Unlike Apple, however, Microsoft smartly pivoted to the AI revolution. It infused OpenAI’s ChatGPT across its offerings, supercharging products like Bing and Office with new conversational abilities. The company also holds a strategic stake in OpenAI. And its Azure cloud services saw usage surge as companies raced to tap into large AI models.
Growth remains robust, with Q2 revenue up 18% and earnings per share jumping 19%. Margins have room to expand as the cloud business scales. And like Apple, Microsoft returns tons of cash to shareholders via dividends and buybacks.
With dominant core businesses throwing off ample cash to fund emerging opportunities like AI, Microsoft remains a promising tech titan for long-term investors. The stock’s below-market 20x P/E leaves room for further upside.
Nvidia – The AI Chip Leader
Nvidia has cemented itself as the undisputed leader in advanced AI chips. Its GPUs now power everything from data centers to autonomous vehicles. Over 600 companies use its AI infrastructure platform. And its Omniverse platform is emerging as a vital 3D simulation engine for industries from manufacturing to healthcare.
Despite its $400 billion market cap, Nvidia still grew revenue by 21% last quarter. Its gaming and data center segments are both seeing booming demand amidst the AI revolution and metaverse movement.

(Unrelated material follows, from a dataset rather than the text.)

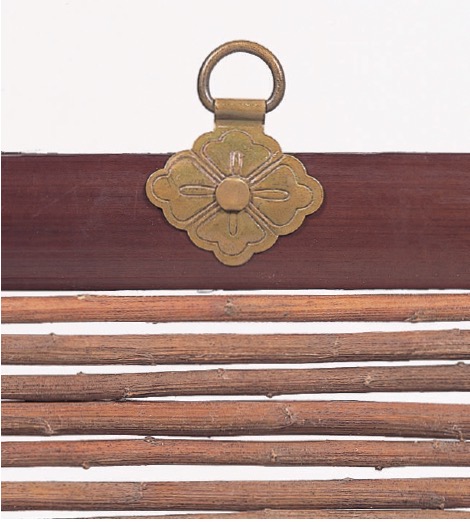 花菱金具(はなびしかなぐ)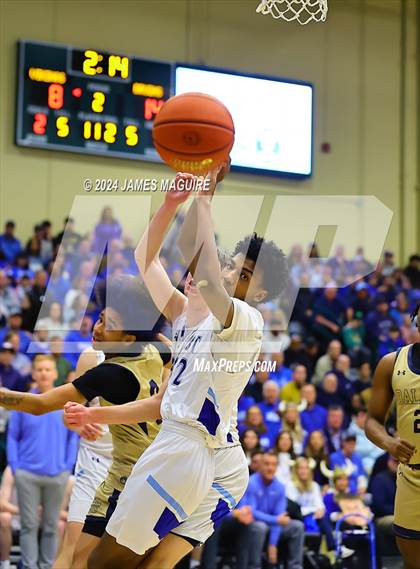 Thumbnail 2 in Port Washington vs. Baldwin (NYSPHSAA Section 8 Class AAA Final) photogallery.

The company expects its addressable market to swell from $100 billion today to $1 trillion over the next decade as AI proliferates.
Between its rock-solid competitive position and massive growth runway, Nvidia remains a top way to play the AI megatrend. Though after its remarkable run, the stock isn’t exactly cheap at 45x forward earnings. But for risk-tolerant investors, buying Nvidia on dips could continue to pay off handsomely over the long-term.
The Bottom Line
After a magical 2022, the Magnificent Seven are seeing their wings clipped early in 2024 amidst a less forgiving market backdrop. Still, select stocks like Apple, Microsoft, and Nvidia remain promising long-term holds. Their wide moats, solid growth, and reasonable valuations make them durable choices amidst the turbulence. For investors with long time horizons, using market weakness to accumulate shares of these tech titans could create value for years to come.